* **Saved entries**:
-- Opening Marker --

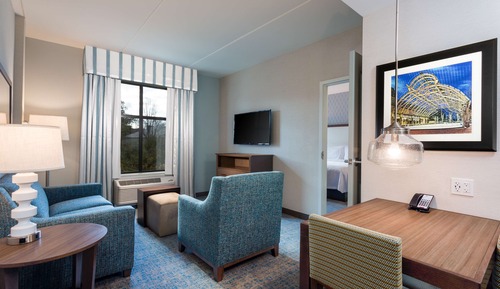 Suite, 1 King Bed, Accessible, Bathtub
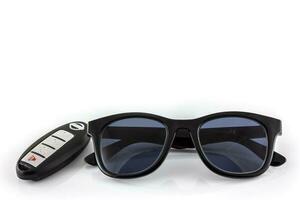 zwart zonnebril en auto sleutels foto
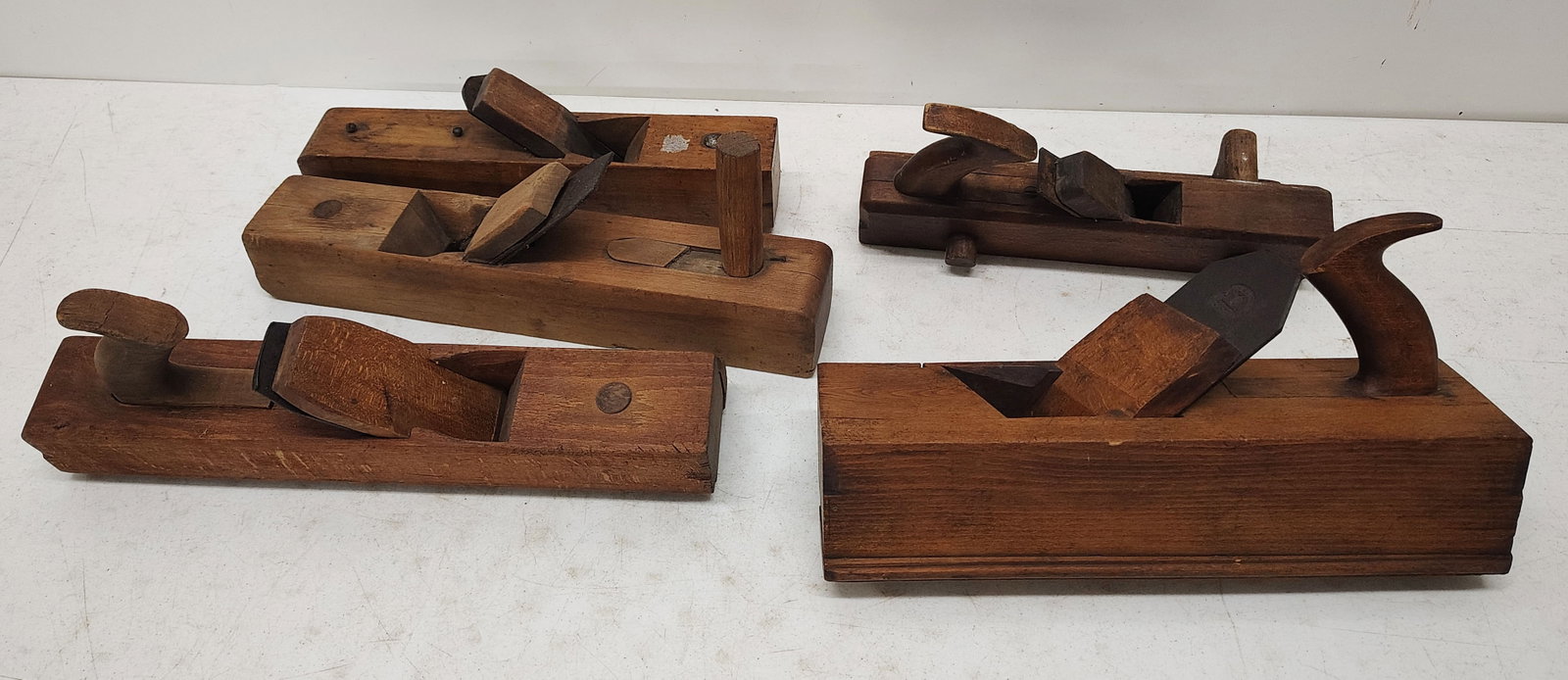 hand planes: 5 wooden hand planes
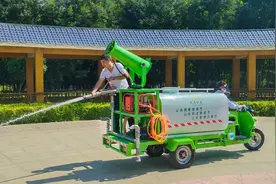 市区天逸公园清扫保洁实现机械化图片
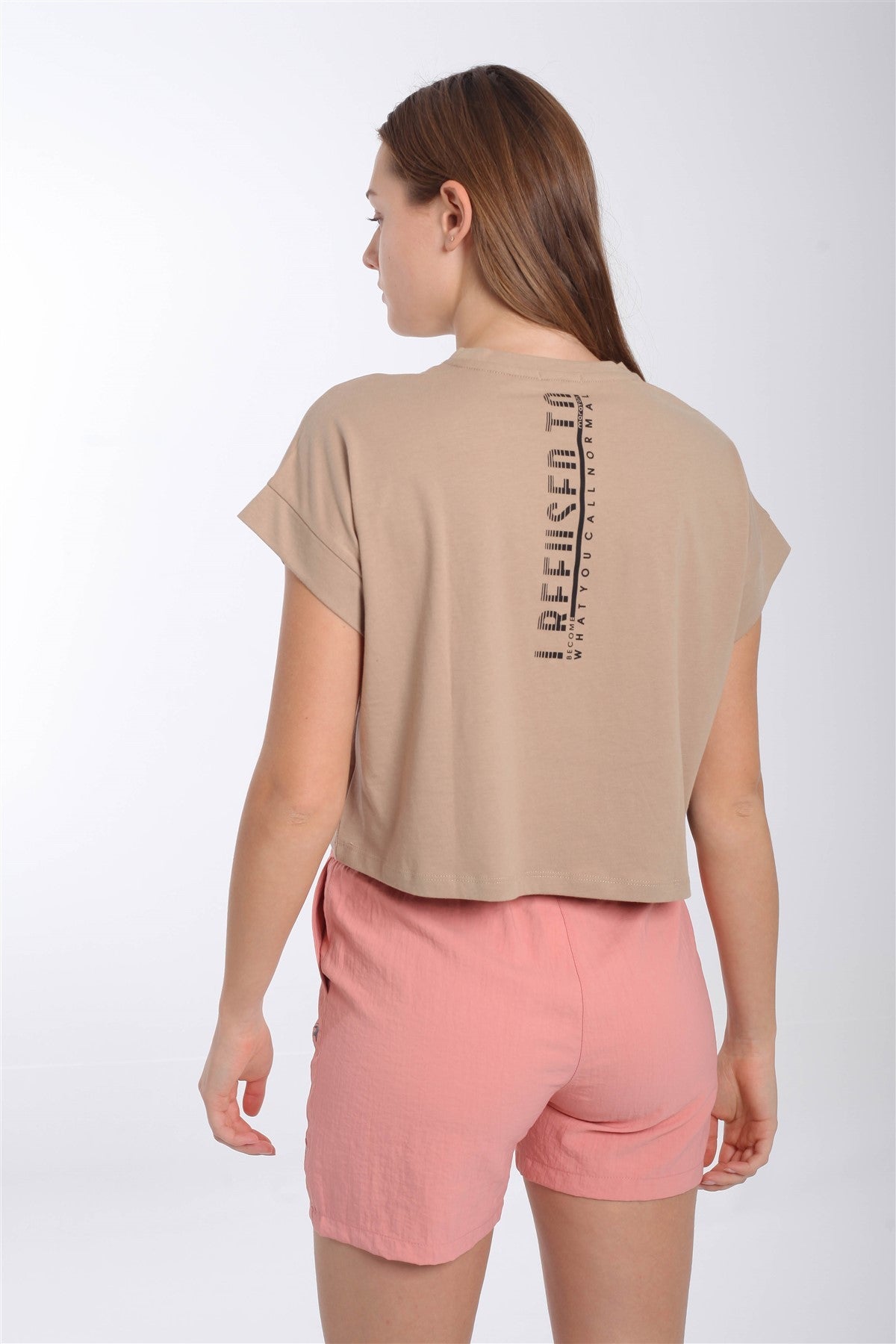 Comfort Kadın Bisiklet Yaka Bej Crop Top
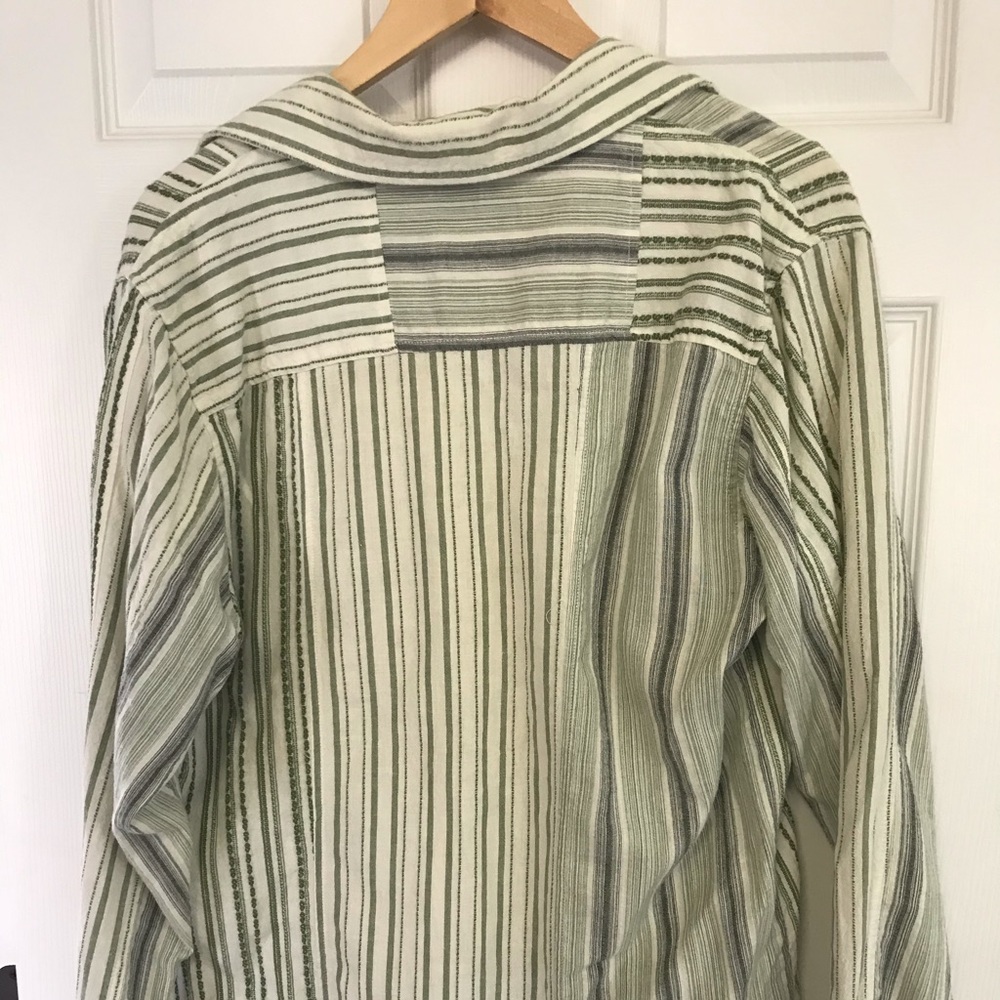 European Woven Pullover - Picture 5 of 6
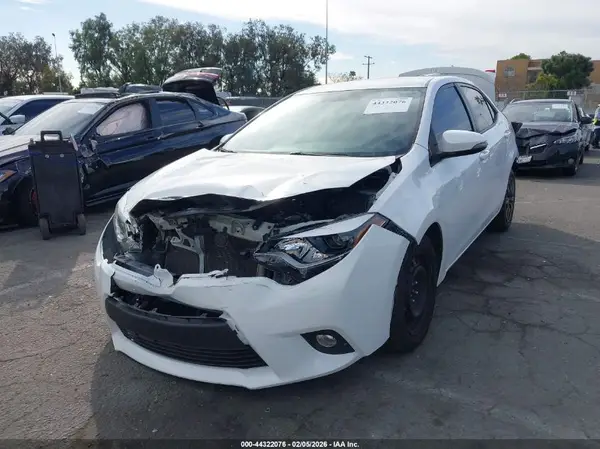 5YFBURHEXGP481764 2016 TOYOTA COROLLA - Image 2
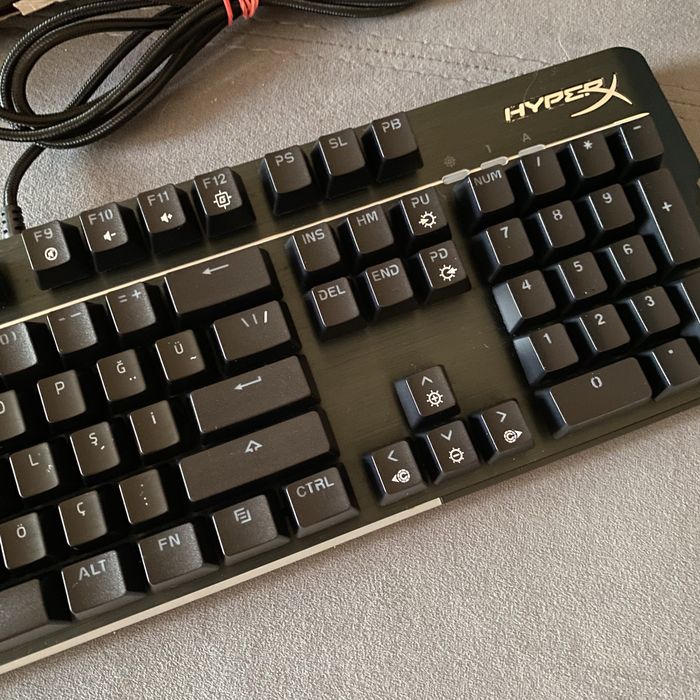 Механическая клавиатура HyperX Alloy mkw100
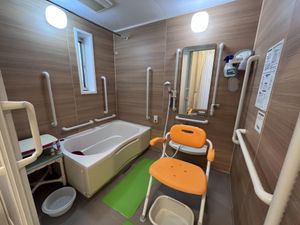 手すり付き浴室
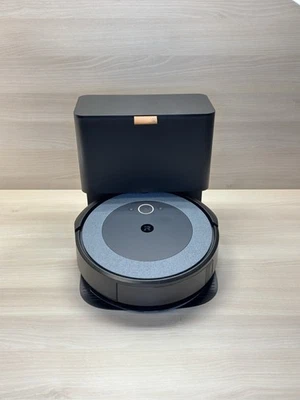 iRobot Roomba Combo i5+ (i5572) Saug- und Wischroboter mit autom. Absaugstation - Bild 1 von 4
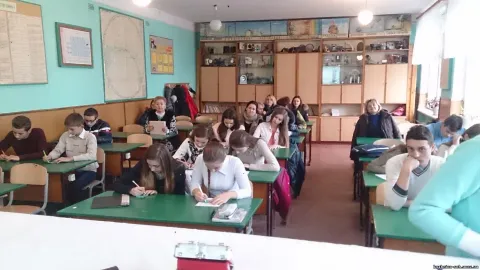 Фото 6 з 7: Виховна година "Шануй свого батька і матір свою"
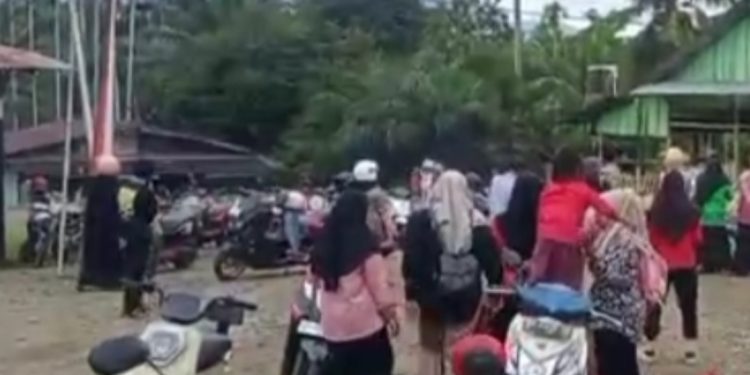 Sudah Meresahkan Warga, Puluhan Emak Emak Geruduk Cafe Cafe Di Nagari Aia Gadang Pasaman Barat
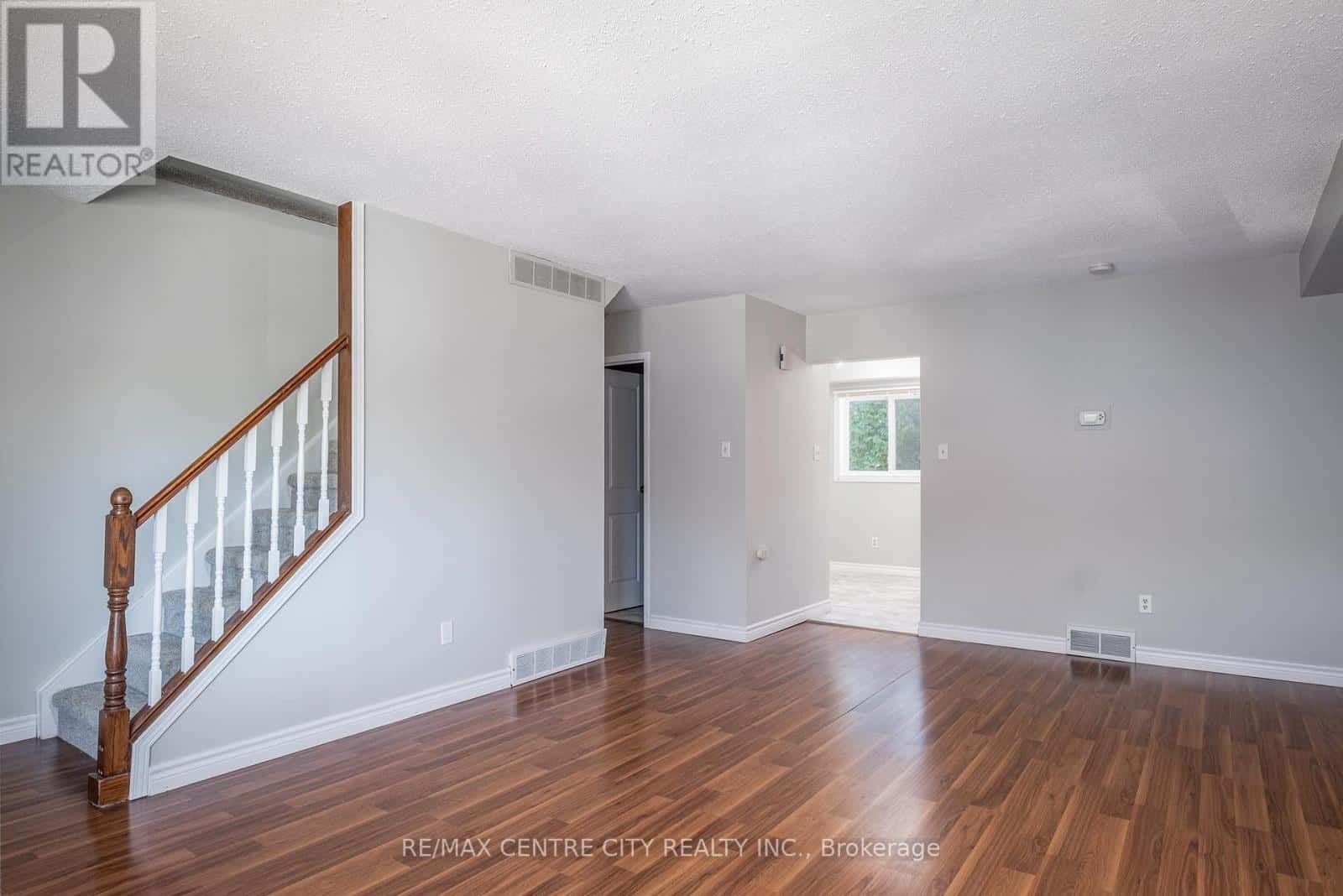 124 - 320 WESTMINSTER AVENUE — London South (South H), Ontario - Photo 5 of 23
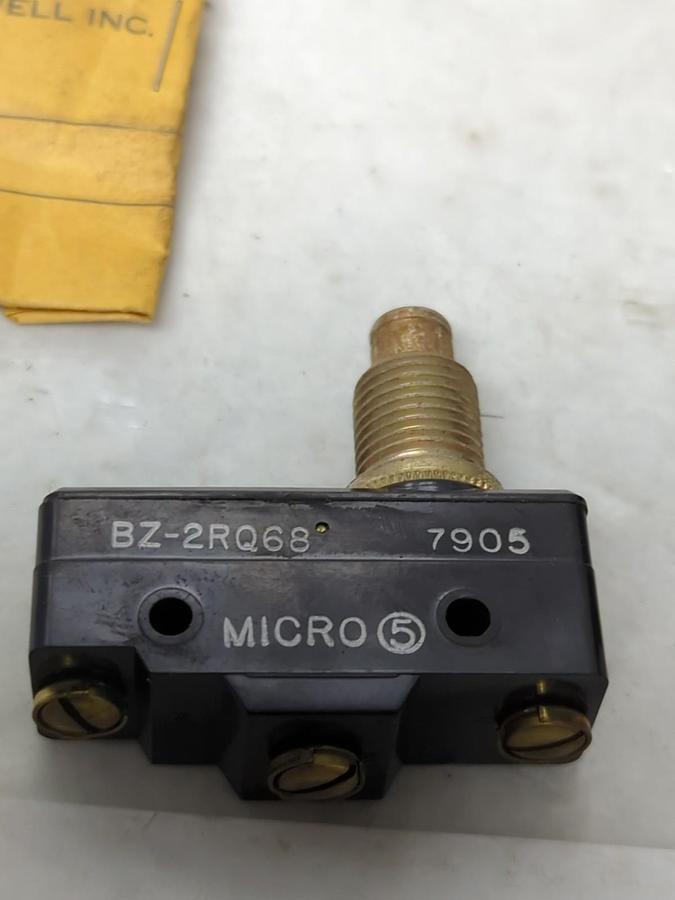 HONEYWELL MICRO SWITCH,BZ-2RQ68,SNAP ACTION SWITCH NOS
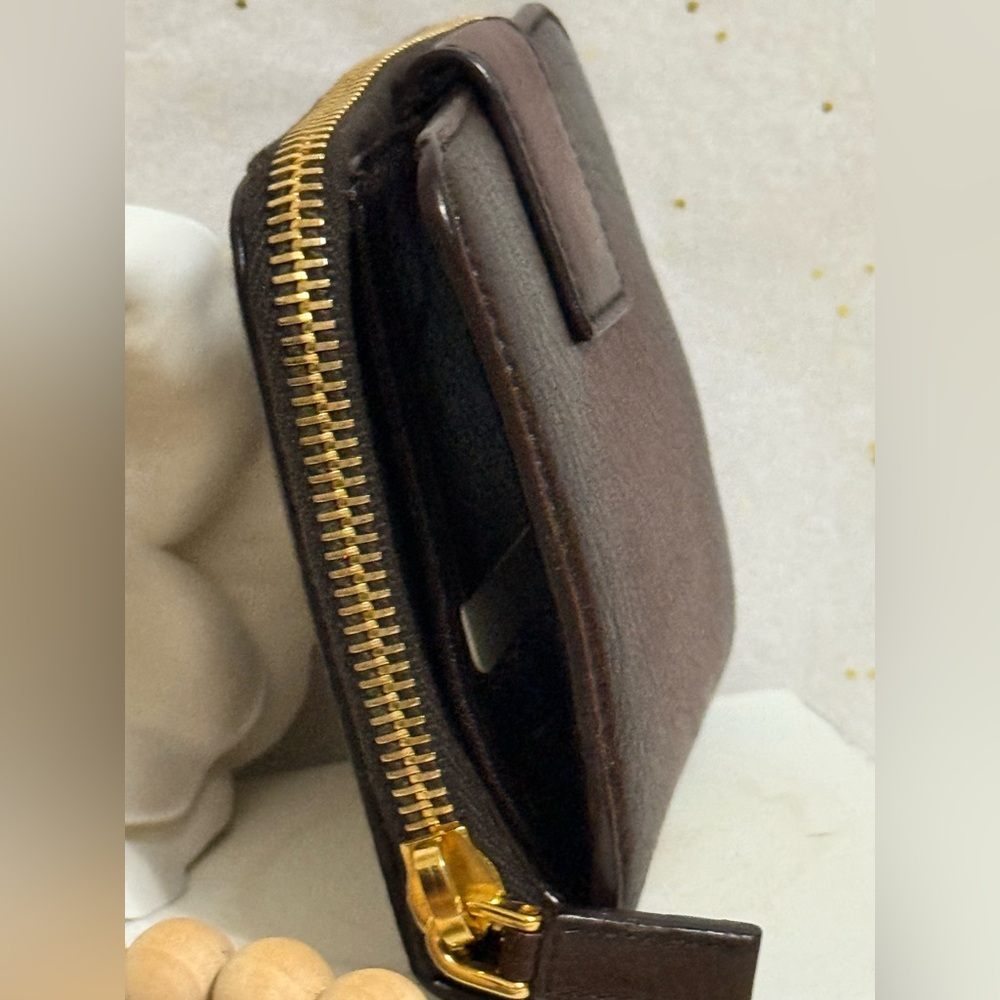 Vintage Prada Dark Brown Leather Wallet with Gold Logo - Picture 7 of 14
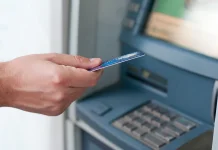 Kenali Penyebab Kartu ATM Tertelan saat Bertransaksi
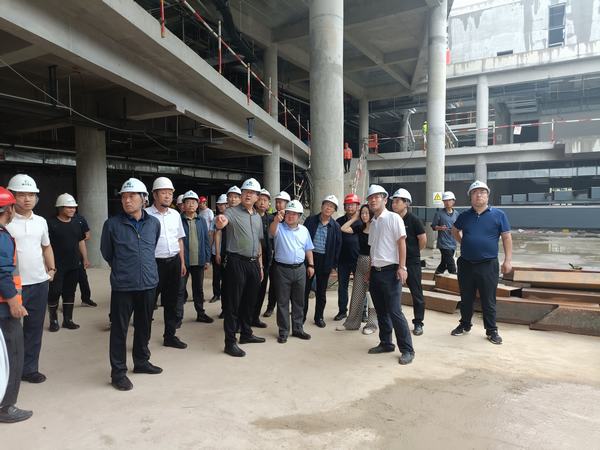 榆林城投集團(tuán)黨委書記、董事長、總經(jīng)理郝君一行深入陜煤建設(shè)榆林公司施工項目檢查指導(dǎo)工作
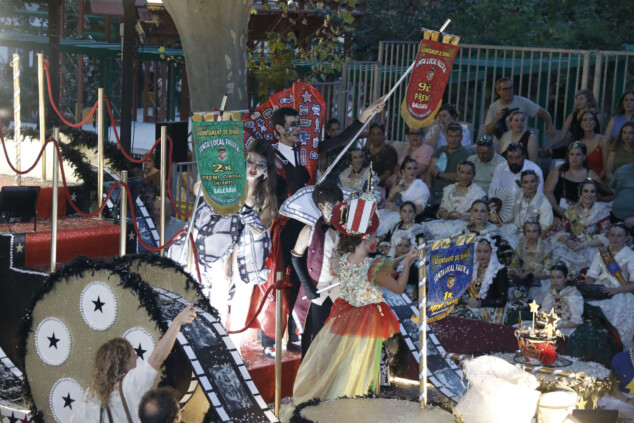 Las Carrozas de Dénia no defraudan: la Falla Campaments se alza con el Primer Premio 111 carrozas denia 2026 109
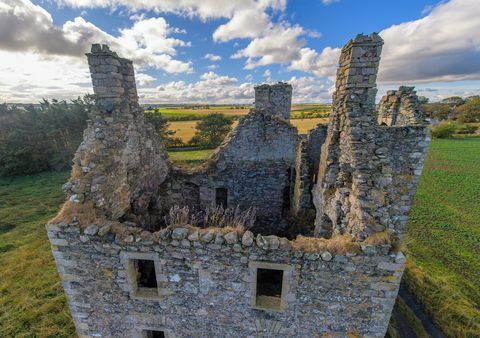 Povijesni škotski dvorac, dvorac Knockhall, na prodaju 130.000 funti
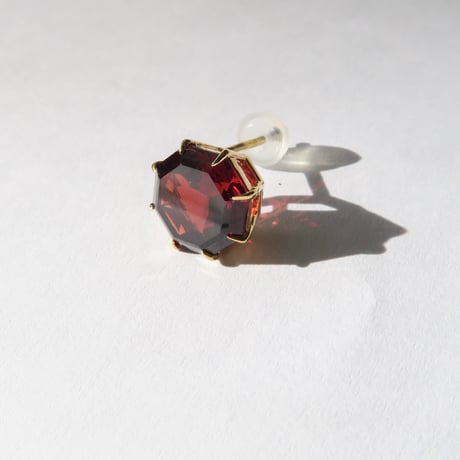 ガーネット 8mm アトリアカット pierce(片耳)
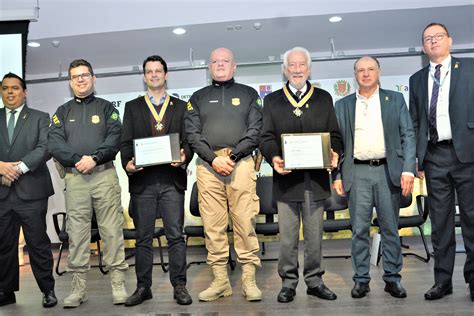 Detran E Prf Assinam Termo De Coopera O Para Compartilhamento De Dados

-- Closing Marker --

* **To do**: Retype, please, exactly the lines that begin with the one containing "iRobot Roomba Combo" and end at the last line of the entries above, both included, leaving out pictures.

* **Task response**:
 iRobot Roomba Combo i5+ (i5572) Saug- und Wischroboter mit autom. Absaugstation - Bild 1 von 4
 Фото 6 з 7: Виховна година "Шануй свого батька і матір свою"
 Sudah Meresahkan Warga, Puluhan Emak Emak Geruduk Cafe Cafe Di Nagari Aia Gadang Pasaman Barat
 124 - 320 WESTMINSTER AVENUE — London South (South H), Ontario - Photo 5 of 23
 HONEYWELL MICRO SWITCH,BZ-2RQ68,SNAP ACTION SWITCH NOS
 Vintage Prada Dark Brown Leather Wallet with Gold Logo - Picture 7 of 14
 Kenali Penyebab Kartu ATM Tertelan saat Bertransaksi
 榆林城投集團(tuán)黨委書記、董事長、總經(jīng)理郝君一行深入陜煤建設(shè)榆林公司施工項目檢查指導(dǎo)工作
 Las Carrozas de Dénia no defraudan: la Falla Campaments se alza con el Primer Premio 111 carrozas denia 2026 109
 Povijesni škotski dvorac, dvorac Knockhall, na prodaju 130.000 funti
 ガーネット 8mm アトリアカット pierce(片耳)
 Detran E Prf Assinam Termo De Coopera O Para Compartilhamento De Dados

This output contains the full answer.